Dans sa maison de campagne, il accueillait ses techniciens, acteurs et ouvriers comme l'eût fait un maître charpentier du XVe siècle. Il avait son studio à Marseille. J'avais loué un logement non loin de ce studio pour le tournage de mon film et je me joignais à son équipe dans de passionnantes parties de pétanque. Nous échangions des services en nature, moi lui dirigeant à l'occasion une scène, lui m'aidant dans quelque problème de dialogue. Il possédait son organisation de distribution et même une salle sur la Canebière à Marseille. C'était après «Marius» et «Fanny». Sa réputation était immense et lui permettait cette indépendance. Le succès commercial de Pagnol était basé sur son talent. Ça marchait, et fort bien.»

A l'approche du Front Populaire, sa collaboratrice et compagne Marguerite Houllé, militante communiste active, amène Jean Renoir à épouser sa cause politique. Il adhère au groupe Octobre, où il retrouve les artistes Jacques Prévert, Maurice Baquet, Roger Blin.

Il réalisera des films tels La Vie est à nous (1936) puis La Marseillaise qui enthousiasmeront les foules du Front-Populaire.

Grande Illusion
Pierre Fresnay et Erich von Stroheim dans "La Grande illusion"

Peu avant la Seconde Guerre Mondiale, Jean Renoir réalise coup sur coup avec Erich von Stroheim et Jean Gabin, les deux immenses chefs d'œuvre que sont La Grande Illusion (1937) La Bête Humaine (1938), La Règle du Jeu (1939) où il nuance ses idées communistes par un message humaniste et pacifiste d'une grande sincérité.

«Ce film, nous dit Pierre Driout, restera sans doute son œuvre maîtresse et un grand classique de l'histoire cinématographique. Sur fond d'une partie de chasse, Renoir dessine une satire magistrale de la société de son temps où toutes les couches sociales s'adonnent avec une belle égalité à l'hypocrisie et à la tromperie. Le film provoque un scandale et ne fait pas recette. Finalement, après avoir été amputé à plusieurs reprises, La Règle du Jeu est interdit à la déclaration de guerre pour son effet "démoralisant" et la version intégrale ne sera rétablie que de nombreuses années plus tard.»

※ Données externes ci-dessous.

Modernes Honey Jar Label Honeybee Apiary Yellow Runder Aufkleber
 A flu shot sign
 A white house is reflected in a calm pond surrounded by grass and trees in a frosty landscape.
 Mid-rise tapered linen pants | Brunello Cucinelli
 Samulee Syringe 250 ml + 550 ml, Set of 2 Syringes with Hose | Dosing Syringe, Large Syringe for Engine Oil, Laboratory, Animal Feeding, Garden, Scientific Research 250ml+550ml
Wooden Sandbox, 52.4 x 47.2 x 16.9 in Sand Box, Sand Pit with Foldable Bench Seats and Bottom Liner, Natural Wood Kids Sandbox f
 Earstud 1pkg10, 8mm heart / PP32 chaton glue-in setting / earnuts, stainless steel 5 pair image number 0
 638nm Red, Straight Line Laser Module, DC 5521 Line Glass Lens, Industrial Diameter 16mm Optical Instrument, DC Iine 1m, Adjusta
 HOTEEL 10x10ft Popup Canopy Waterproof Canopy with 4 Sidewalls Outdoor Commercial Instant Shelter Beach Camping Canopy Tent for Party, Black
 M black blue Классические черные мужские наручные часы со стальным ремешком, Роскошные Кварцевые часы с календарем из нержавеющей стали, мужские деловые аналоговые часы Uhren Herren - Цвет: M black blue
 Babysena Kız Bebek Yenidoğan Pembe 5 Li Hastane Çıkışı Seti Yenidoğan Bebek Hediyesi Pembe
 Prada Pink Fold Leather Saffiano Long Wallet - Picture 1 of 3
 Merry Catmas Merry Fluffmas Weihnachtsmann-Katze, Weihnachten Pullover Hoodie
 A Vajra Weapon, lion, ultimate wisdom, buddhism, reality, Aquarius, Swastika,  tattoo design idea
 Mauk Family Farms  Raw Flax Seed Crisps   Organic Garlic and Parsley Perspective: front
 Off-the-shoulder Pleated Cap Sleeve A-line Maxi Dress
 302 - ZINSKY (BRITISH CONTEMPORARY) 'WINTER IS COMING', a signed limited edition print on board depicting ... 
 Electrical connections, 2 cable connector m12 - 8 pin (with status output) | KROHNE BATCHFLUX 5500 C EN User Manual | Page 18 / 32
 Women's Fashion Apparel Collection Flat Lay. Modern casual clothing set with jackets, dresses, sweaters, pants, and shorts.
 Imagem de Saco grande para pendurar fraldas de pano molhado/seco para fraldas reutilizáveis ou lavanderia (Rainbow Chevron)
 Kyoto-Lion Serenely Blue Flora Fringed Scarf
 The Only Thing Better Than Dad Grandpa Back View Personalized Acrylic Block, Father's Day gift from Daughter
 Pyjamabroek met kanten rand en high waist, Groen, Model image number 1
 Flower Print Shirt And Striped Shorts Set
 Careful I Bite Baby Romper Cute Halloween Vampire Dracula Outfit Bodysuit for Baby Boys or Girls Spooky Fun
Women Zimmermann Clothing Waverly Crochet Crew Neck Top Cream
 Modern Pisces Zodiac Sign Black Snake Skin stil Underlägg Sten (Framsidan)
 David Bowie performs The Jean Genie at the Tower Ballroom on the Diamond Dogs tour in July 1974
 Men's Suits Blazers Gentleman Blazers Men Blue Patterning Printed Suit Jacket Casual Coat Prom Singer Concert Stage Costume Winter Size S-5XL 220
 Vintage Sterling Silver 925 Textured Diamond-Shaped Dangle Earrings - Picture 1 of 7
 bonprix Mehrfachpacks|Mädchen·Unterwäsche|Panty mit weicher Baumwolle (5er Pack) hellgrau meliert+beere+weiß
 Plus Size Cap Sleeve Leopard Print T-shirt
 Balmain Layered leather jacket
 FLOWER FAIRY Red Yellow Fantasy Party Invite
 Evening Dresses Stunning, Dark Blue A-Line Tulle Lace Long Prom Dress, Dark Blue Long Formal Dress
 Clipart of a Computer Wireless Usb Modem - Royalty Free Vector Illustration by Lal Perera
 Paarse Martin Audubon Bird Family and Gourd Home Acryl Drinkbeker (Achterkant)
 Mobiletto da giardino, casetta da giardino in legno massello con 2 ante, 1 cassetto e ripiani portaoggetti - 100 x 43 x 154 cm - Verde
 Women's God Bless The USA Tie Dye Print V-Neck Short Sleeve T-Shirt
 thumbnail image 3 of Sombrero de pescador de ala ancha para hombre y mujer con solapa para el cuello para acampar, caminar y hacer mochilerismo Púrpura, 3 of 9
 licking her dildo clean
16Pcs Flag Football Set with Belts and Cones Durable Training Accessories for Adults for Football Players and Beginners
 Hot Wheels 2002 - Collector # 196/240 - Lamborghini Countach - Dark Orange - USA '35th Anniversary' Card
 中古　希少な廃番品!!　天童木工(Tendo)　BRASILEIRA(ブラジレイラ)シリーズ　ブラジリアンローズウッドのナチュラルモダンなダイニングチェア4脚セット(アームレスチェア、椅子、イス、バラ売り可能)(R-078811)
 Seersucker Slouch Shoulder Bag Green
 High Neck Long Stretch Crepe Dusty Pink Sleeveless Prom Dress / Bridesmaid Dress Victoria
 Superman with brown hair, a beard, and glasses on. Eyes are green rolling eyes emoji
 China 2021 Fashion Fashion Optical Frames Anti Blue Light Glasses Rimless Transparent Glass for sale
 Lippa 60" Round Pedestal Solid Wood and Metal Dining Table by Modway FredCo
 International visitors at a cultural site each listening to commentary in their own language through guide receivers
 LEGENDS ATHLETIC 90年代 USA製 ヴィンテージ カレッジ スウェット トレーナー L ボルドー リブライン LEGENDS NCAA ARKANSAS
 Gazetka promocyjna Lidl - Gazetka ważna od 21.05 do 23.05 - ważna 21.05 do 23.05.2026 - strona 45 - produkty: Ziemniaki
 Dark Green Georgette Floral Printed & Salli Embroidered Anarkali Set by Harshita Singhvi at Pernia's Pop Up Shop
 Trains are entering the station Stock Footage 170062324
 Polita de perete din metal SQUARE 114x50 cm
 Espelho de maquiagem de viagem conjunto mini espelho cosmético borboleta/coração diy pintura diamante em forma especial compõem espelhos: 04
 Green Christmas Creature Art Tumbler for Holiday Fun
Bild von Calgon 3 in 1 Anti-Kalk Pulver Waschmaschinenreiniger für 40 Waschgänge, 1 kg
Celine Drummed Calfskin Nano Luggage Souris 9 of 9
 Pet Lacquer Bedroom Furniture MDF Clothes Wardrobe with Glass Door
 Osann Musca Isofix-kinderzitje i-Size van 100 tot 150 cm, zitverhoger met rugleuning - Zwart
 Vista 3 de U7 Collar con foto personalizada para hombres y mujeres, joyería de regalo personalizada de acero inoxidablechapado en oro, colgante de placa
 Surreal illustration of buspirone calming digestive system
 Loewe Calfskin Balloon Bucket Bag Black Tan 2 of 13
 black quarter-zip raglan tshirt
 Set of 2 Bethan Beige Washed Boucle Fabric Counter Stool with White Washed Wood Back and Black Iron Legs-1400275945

A sa liaison avec Marguerite succède celle avec Dido Freire, la script de La Règle du Jeu qu'il épousera par la suite.

À la veille de la guerre, Saint-El sera remis en vente. L'année suivante, Jean Renoir s'embarque pour les Etats-Unis, se marie avec Dido aux côtés de laquelle il terminera ses jours. Il revient souvent en France pour y réaliser ses derniers films, après sa période américaine.

En 1941, aux Etats-Unis où se déroule sa période dite américaine, Jean Renoir s'adapte mal au système hollywoodien. Malgré quelques succès comme Le Journal d'une Femme de chambre d'après Mirbeau, ou L'Homme du Sud, (Oscar du meilleur réalisateur) il regagne l'Europe.

En 1949, il se rend en Inde et offre à ce pays qui vient d'arracher son indépendance un superbe cadeau en y tournant Le Fleuve, son premier film en couleurs,

En Europe où il revient en 1952, il rencontre toujours quelques difficultés à financer ses projets, malgré ses admirables chefs d'œuvre et sa renommée auprès des cinéphiles du monde entier. Il réalise quelques beaux films comme Le Carosse d'or (d'après Mérimée) avec Anna Magnani, French Cancan, un merveilleux hommage au Moulin Rouge avec Françoise Arnoul et Jean Gabin (1955), Elena et les Hommes (avec Ingrid Bergman et Jean Marais, 1956), Le Déjeuner sur l'herbe, 1962), Le Caporal épinglé (d'après l'œuvre de Jacques Perret, 1962).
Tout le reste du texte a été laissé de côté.